## Instructions to follow
Return the lines that run from the beginning of the entries to the line holding "曼谷Novotel Bangkok Ploenchit", inclusive, and drop the pictures.

## Data shown
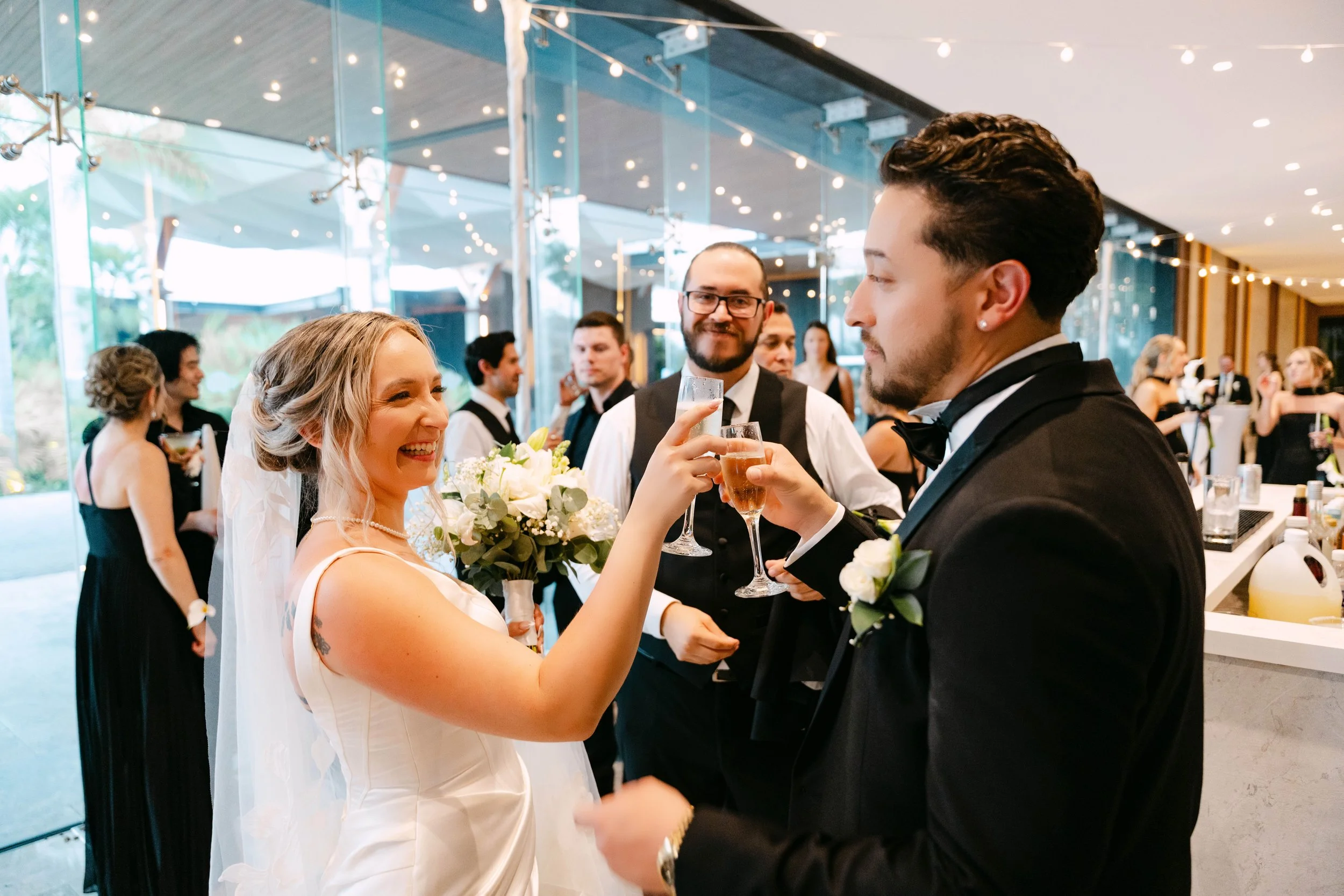 Bride and groom toasting champagne with guests in black-tie attire at their Secrets Tides wedding reception in Punta Cana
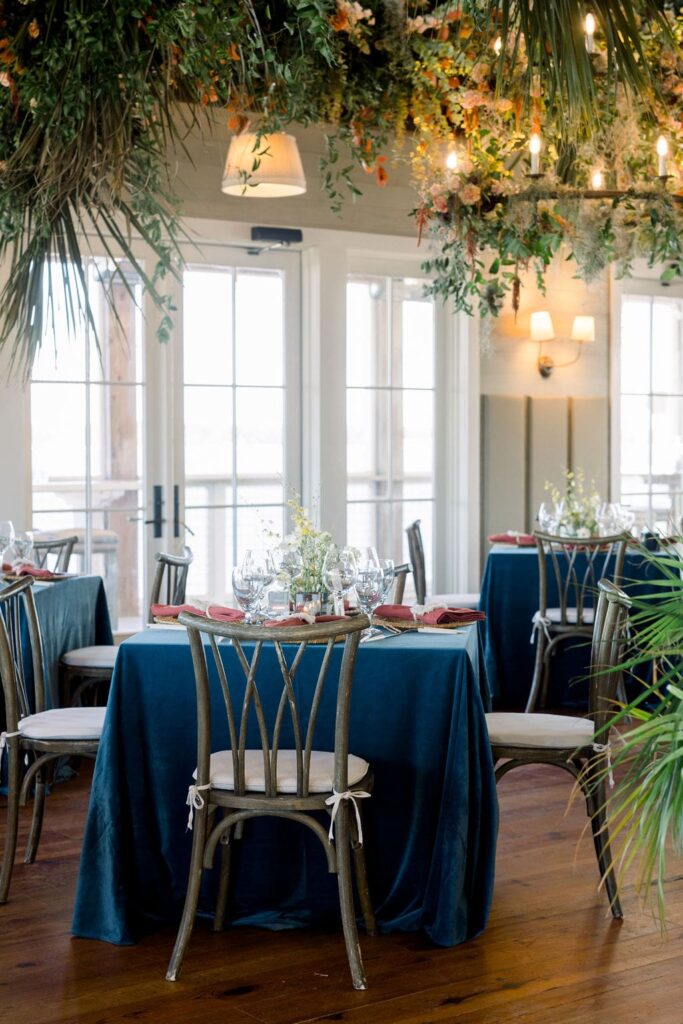 Haig Point wedding reception with blue tables and wood chairs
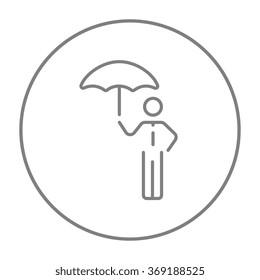 Businessman with umbrella line icon.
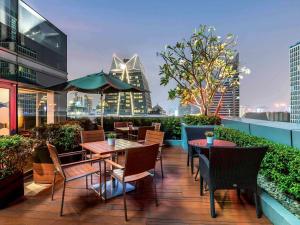 曼谷Novotel Bangkok Ploenchit Sukhumvit的大楼顶部带桌椅的天井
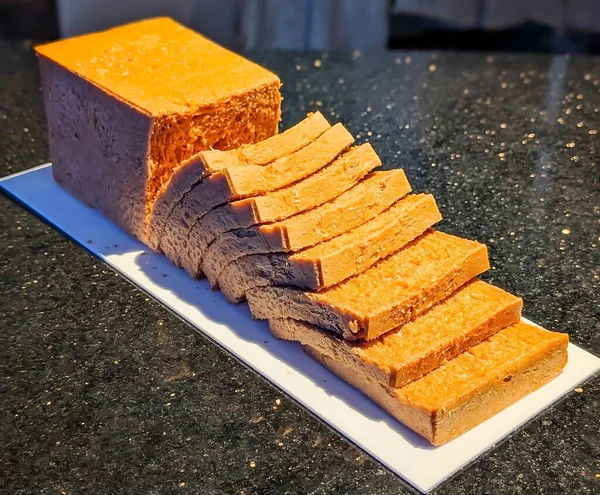 Kısmen dilimlenmiş turuncu ekmek beyaz dikdörtgen bir tabakta koyu bir tezgahın üzerinde sergileniyor..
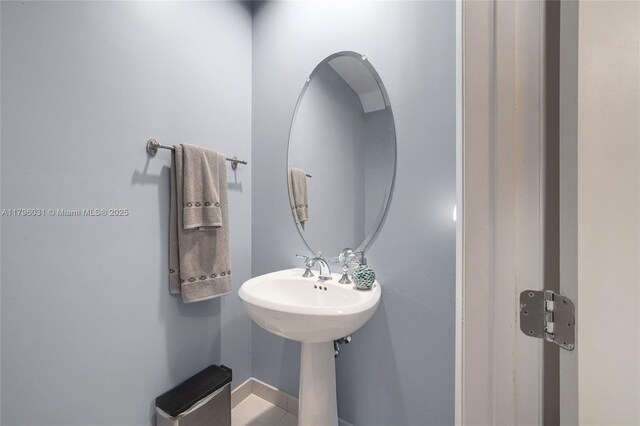 bathroom featuring baseboards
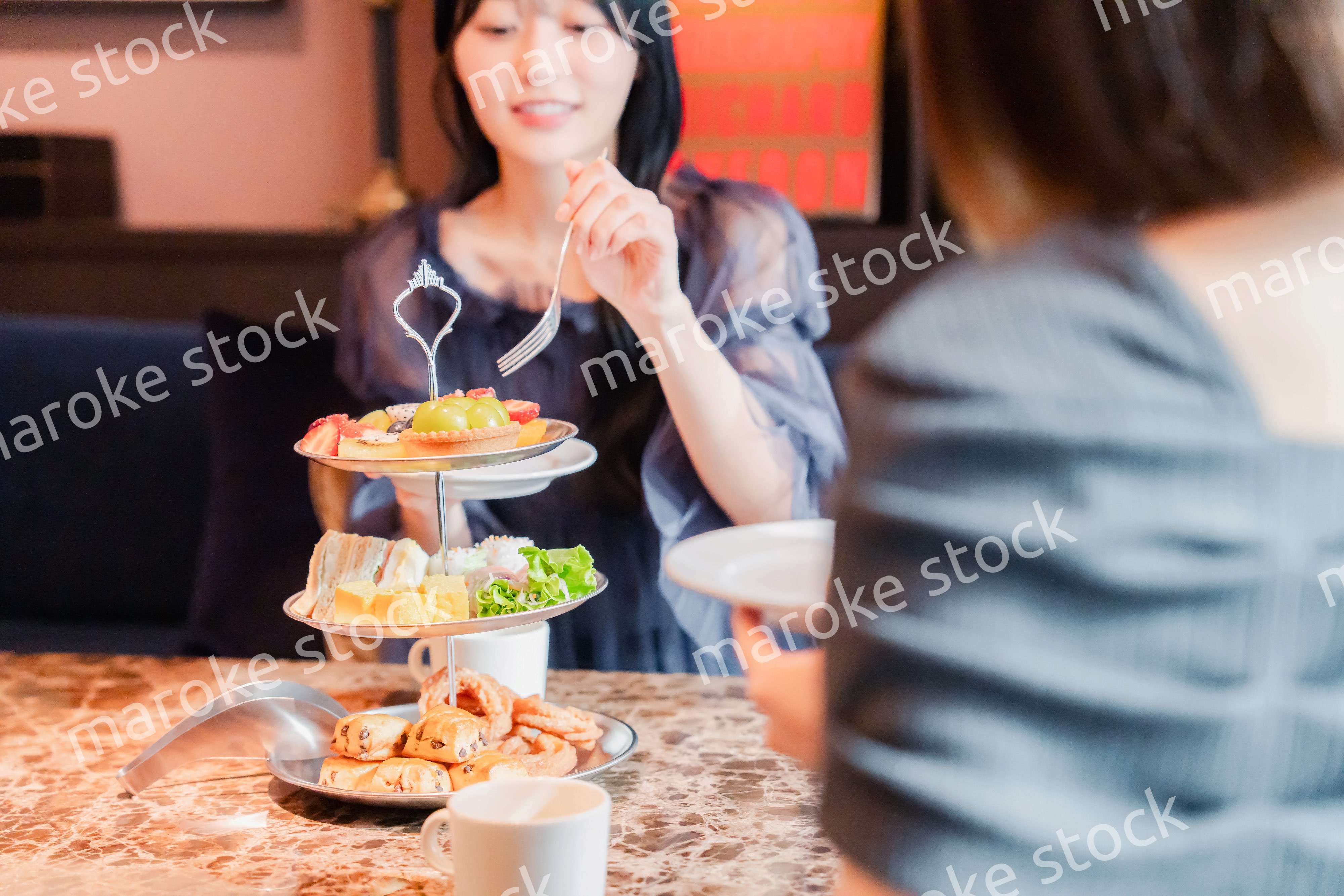 ホテルでアフタヌーンティーを楽しむ若い二人の女性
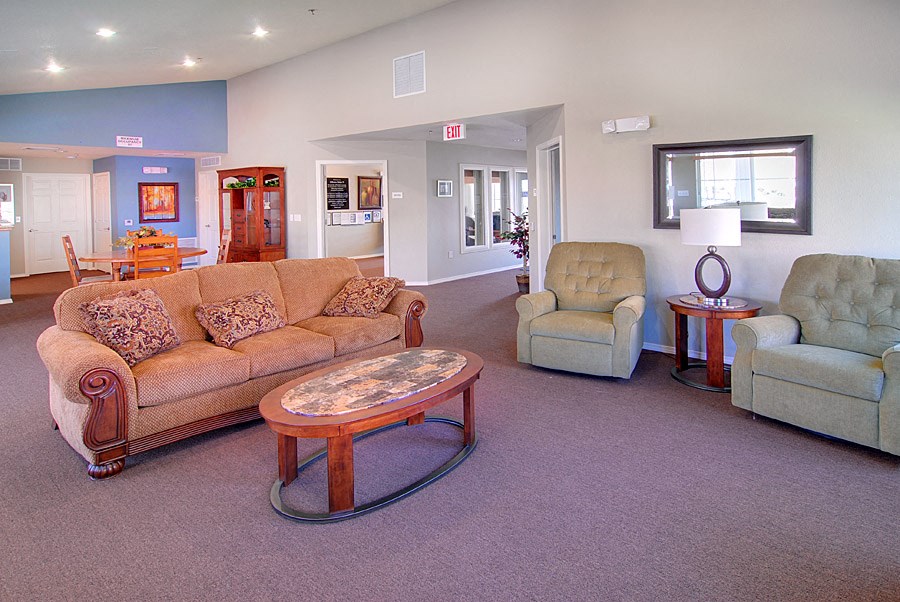 a living room with couches and chairs and a table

## Exercise output
 Bride and groom toasting champagne with guests in black-tie attire at their Secrets Tides wedding reception in Punta Cana
 Haig Point wedding reception with blue tables and wood chairs
 Businessman with umbrella line icon.
 曼谷Novotel Bangkok Ploenchit Sukhumvit的大楼顶部带桌椅的天井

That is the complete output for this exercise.